Random Forest Tuning

Over the past 2 years since learning Python/R from zero, I have been forcing myself to learn how to build an algorithmic trading program. It has definitely been a very steep curve but as with everything else, a challenege is what I enjoy. It definitely took a lot of reading on trading strategies but also improving my programming skills in general. I remember how much I forced myself to do countless variations “Hello World” just to learn print functions. Now, I share my knowledge as much as I can with other people who are interested, either programming in general, infosec or data science.

In this post, we will look at parameter tuning for random forest for mtry and trees. It will follow the standard grid search but deal with the “typical values” as compared to actual data. In this case, I am performing a regression modelling for stocks/shares in the Kuala Lumpur Stock Exchange (KLSE).

What do these parameters do?

What is mtry?

Mtry is the number of randomly chosen variables/features when forming a split in the tree.

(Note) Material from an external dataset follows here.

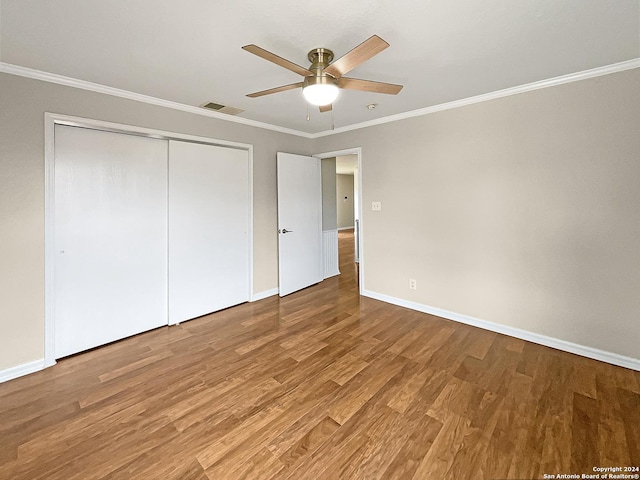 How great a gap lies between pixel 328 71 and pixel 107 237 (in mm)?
2524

If the data has 60 different features/predictors, the model will select a subset of it during splitting and find the feature which reduces the node impurity the most or best explains the data (in simple terms, least error). This is in comparison to a standard recursive partitioning algorithm where it searches through all the features, instead of a subset, and finds the feature which best describes the data. Essentially is the amount of features made available during splitting.

What are trees?

These are typically the depth (vertical depth) of the decision trees which are built to describe the data based on the variables. It can also be thought of as the levels of splits.

Here is a more comprehensive explanation at Analytics Vidhya

Conventional wisdom

Typical advice you will hear when working with random forests is:

build deep trees until the magnitude of improvement for error tapers down
start with investigating the values around mtry = sqrt(features)

Before we continue, some details of R packages I am using:

ranger - optimized (read as FAST!) random forest (parallelized over cpus)
caret - postResample() to measure RMSE and Rsquared

Actual results

Generally, when we start tuning these parameters we essentially hold either one value constant and iterate over the other. In the figure below, that is exactly what I have done, set the number of trees at 150 and look at varying values for mtry where mtry = sqrt(features) = 8.

_config.yml

From the figure, it is obvious that mtry=12 is the best since it gives the lowest value for RMSE around 0.072. However, the overall Rsquared is very low around 0.45. If we were to stick with the “typical advice” then the solution would have been to choose mtry=12 and continue on. However, being curious as usual, I decided to iterate mtry at the higher extreme where having all the possible features available for consideration.

_config.yml

As is noticeable, even the range for RMSE has dropped to below 0.07 and the Rsquared has climbed to higher than 0.5. So it seems that having all, if not most, of the features considered at each split improves the model.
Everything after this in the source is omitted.